Provided records:
....

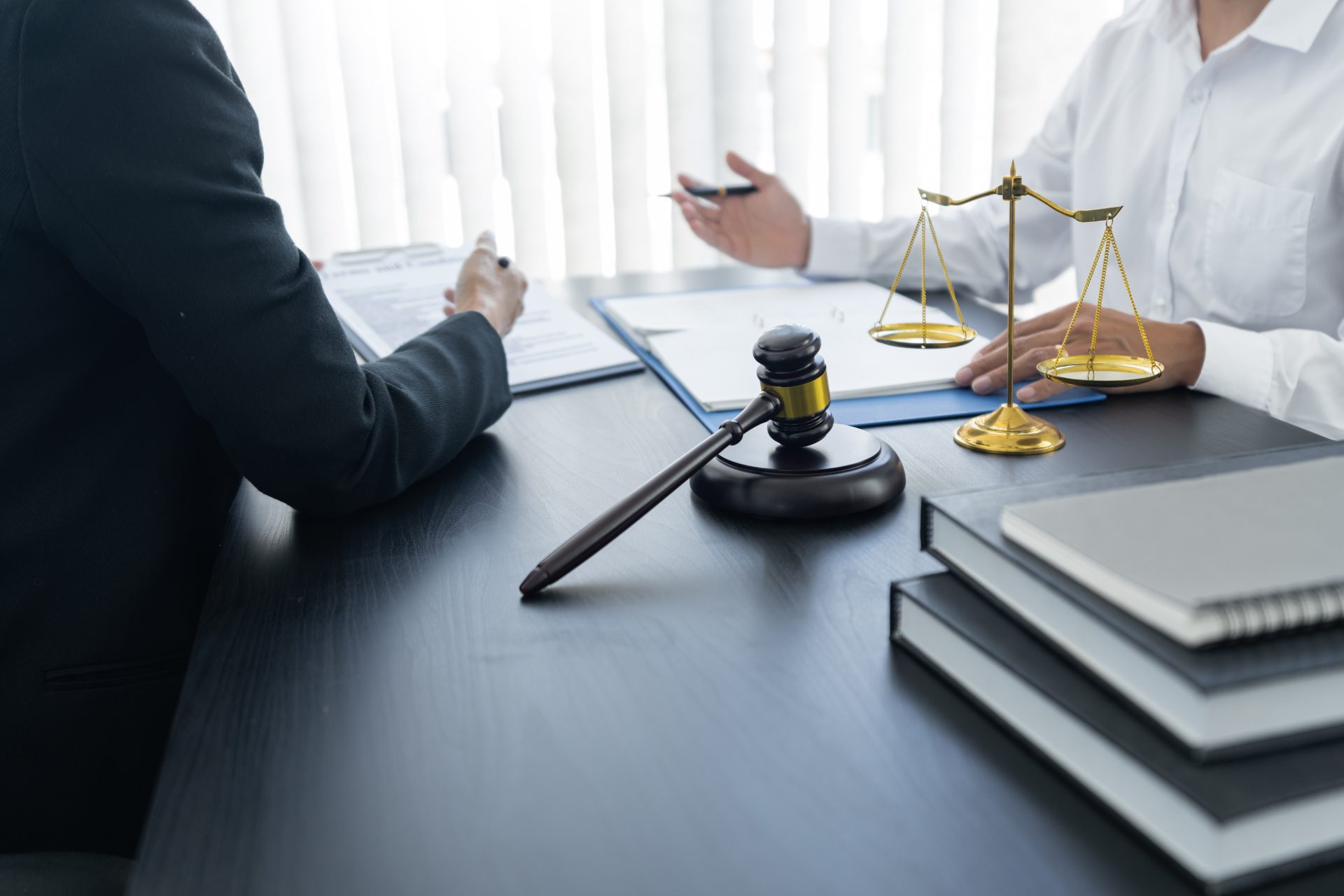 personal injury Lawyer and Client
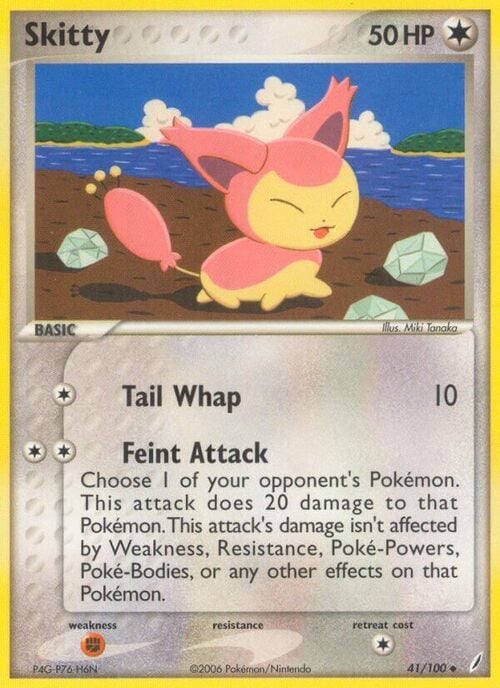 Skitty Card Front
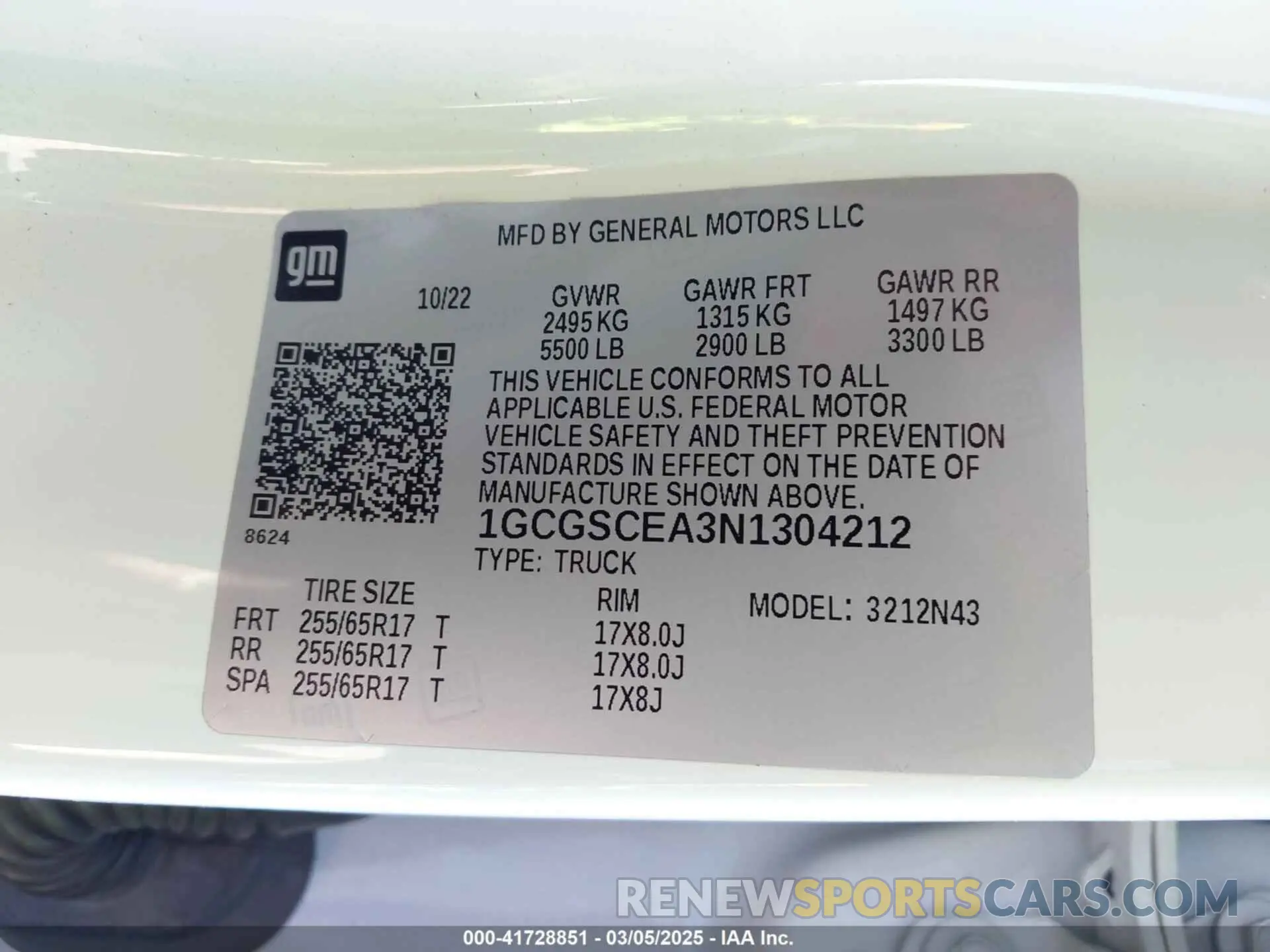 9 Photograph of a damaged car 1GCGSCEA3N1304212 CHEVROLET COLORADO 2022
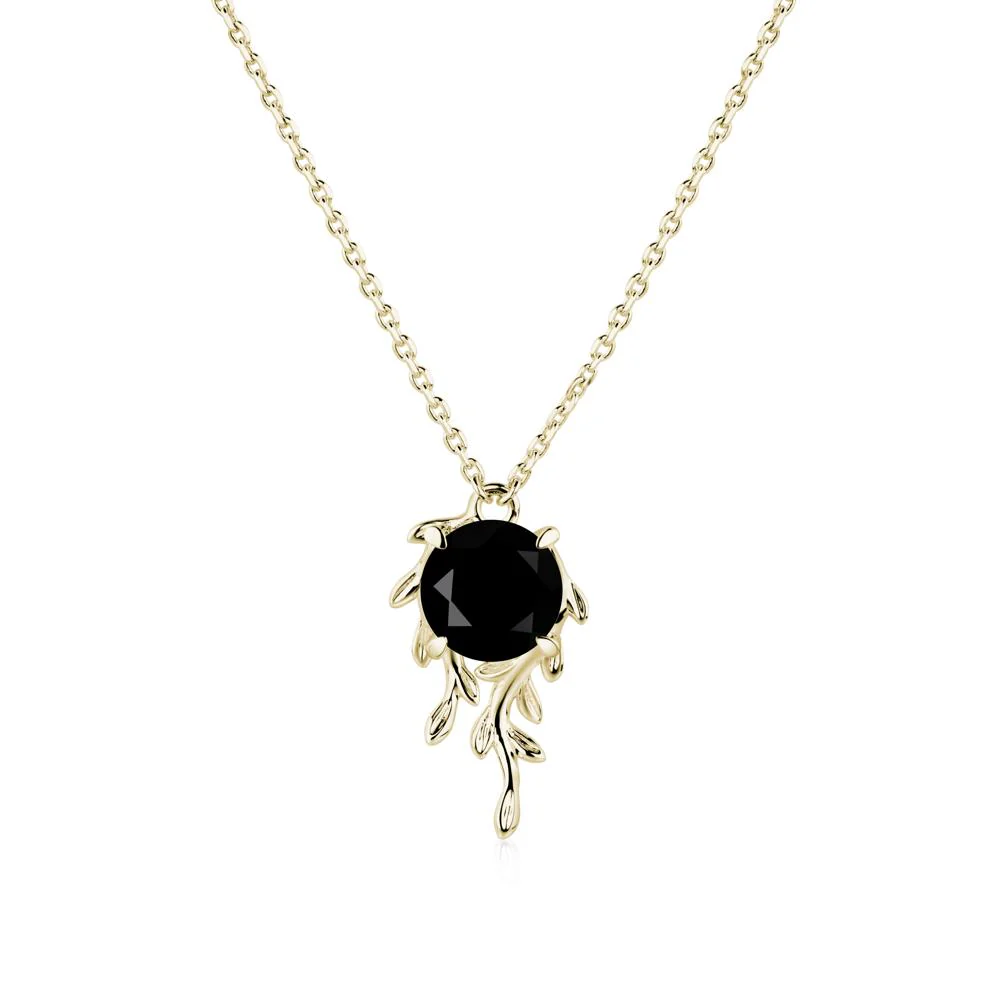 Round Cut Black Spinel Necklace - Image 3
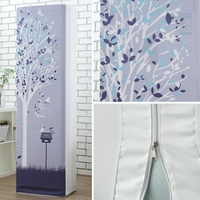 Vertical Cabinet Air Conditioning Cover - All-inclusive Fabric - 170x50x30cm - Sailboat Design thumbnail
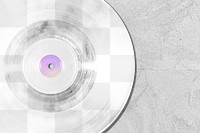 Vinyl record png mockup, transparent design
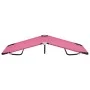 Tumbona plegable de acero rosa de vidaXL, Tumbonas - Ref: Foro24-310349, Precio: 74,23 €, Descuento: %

....

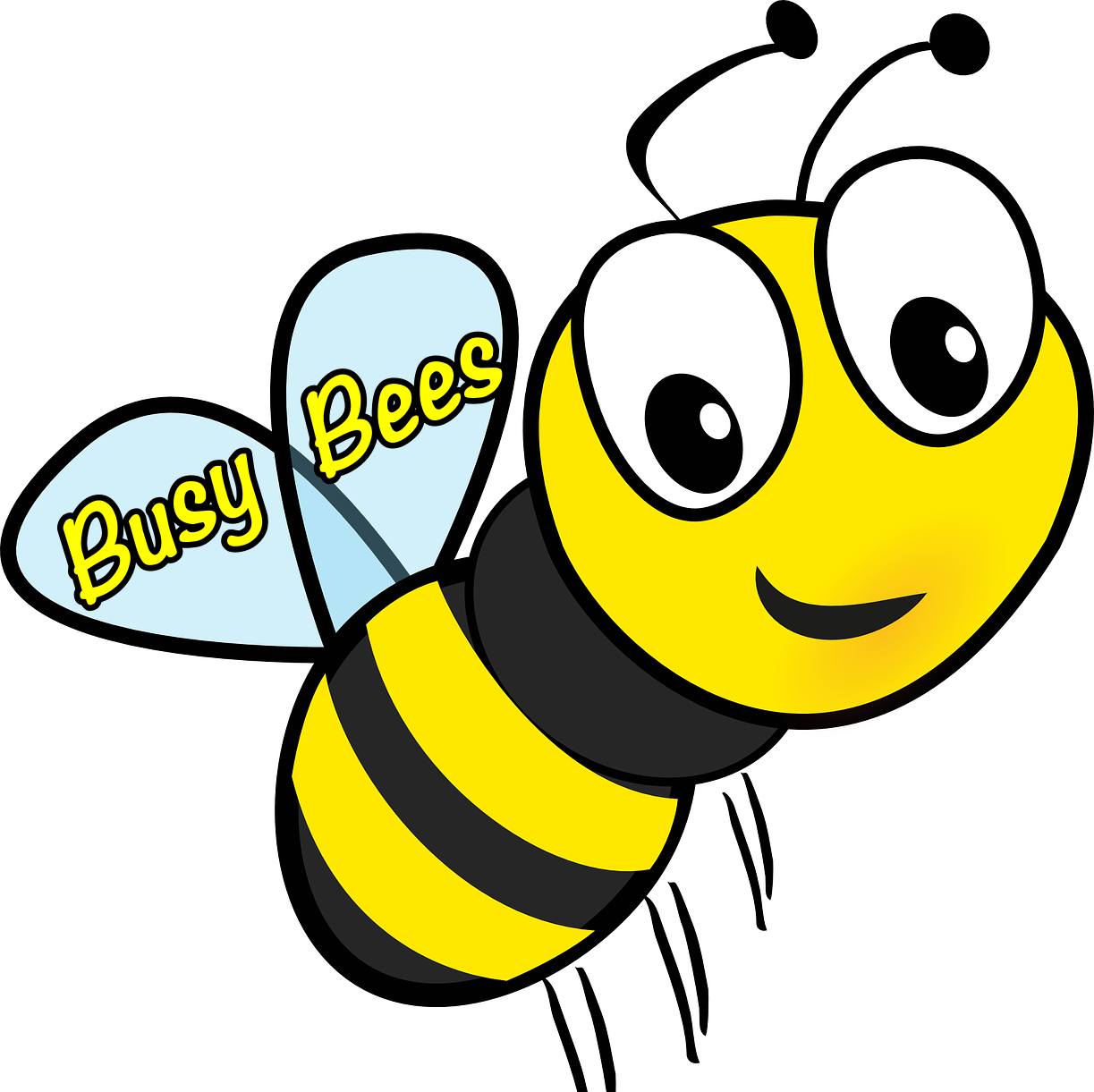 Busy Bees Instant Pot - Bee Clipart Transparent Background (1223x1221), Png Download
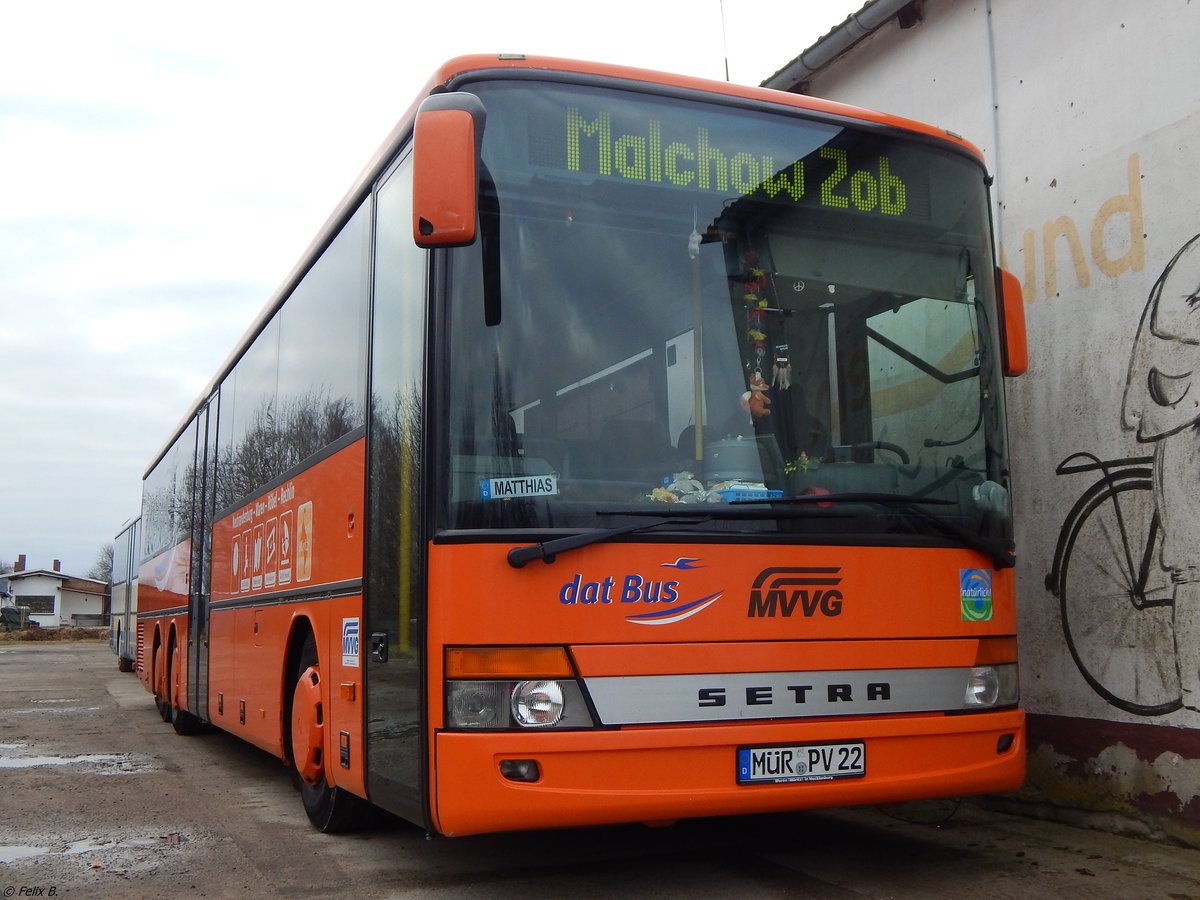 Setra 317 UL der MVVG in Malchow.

....

Problem to work on: Copy only these lines from the records above, exactly: the one with "personal injury Lawyer and Client", the one with "Tumbona plegable de", and those between. Skip the pictures.

Task output:
 personal injury Lawyer and Client
 Skitty Card Front
 9 Photograph of a damaged car 1GCGSCEA3N1304212 CHEVROLET COLORADO 2022
 Round Cut Black Spinel Necklace - Image 3
 Vertical Cabinet Air Conditioning Cover - All-inclusive Fabric - 170x50x30cm - Sailboat Design thumbnail
 Vinyl record png mockup, transparent design
 Tumbona plegable de acero rosa de vidaXL, Tumbonas - Ref: Foro24-310349, Precio: 74,23 €, Descuento: %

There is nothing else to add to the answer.